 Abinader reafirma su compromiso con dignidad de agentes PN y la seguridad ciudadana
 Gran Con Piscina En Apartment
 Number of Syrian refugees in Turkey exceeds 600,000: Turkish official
◆ ◆ ◆ ◆ ◆
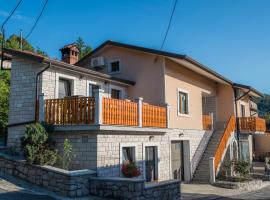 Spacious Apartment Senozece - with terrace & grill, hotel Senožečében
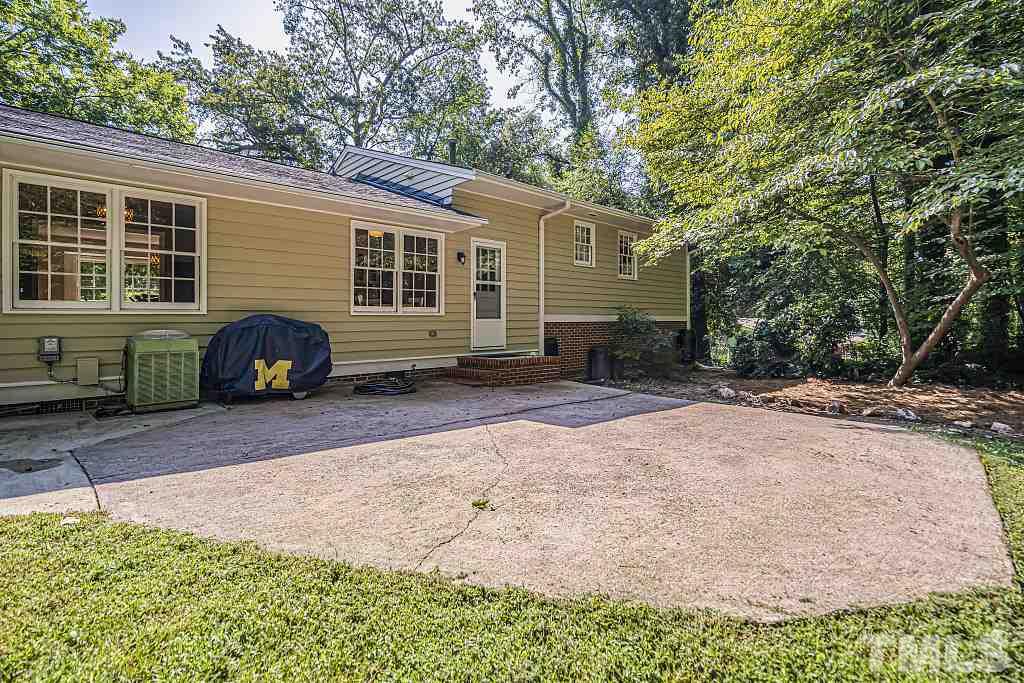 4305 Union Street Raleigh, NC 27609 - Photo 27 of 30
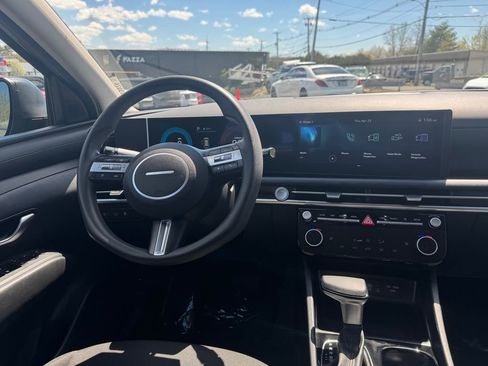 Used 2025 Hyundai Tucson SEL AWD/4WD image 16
◆ ◆ ◆ ◆ ◆
After locating the line holding "Abinader reafirma su" above, output exactly that line and every line after it through the line holding "Number of Syrian". Include nothing else.

> _Exercise solution_
 Abinader reafirma su compromiso con dignidad de agentes PN y la seguridad ciudadana
 Gran Con Piscina En Apartment
 Number of Syrian refugees in Turkey exceeds 600,000: Turkish official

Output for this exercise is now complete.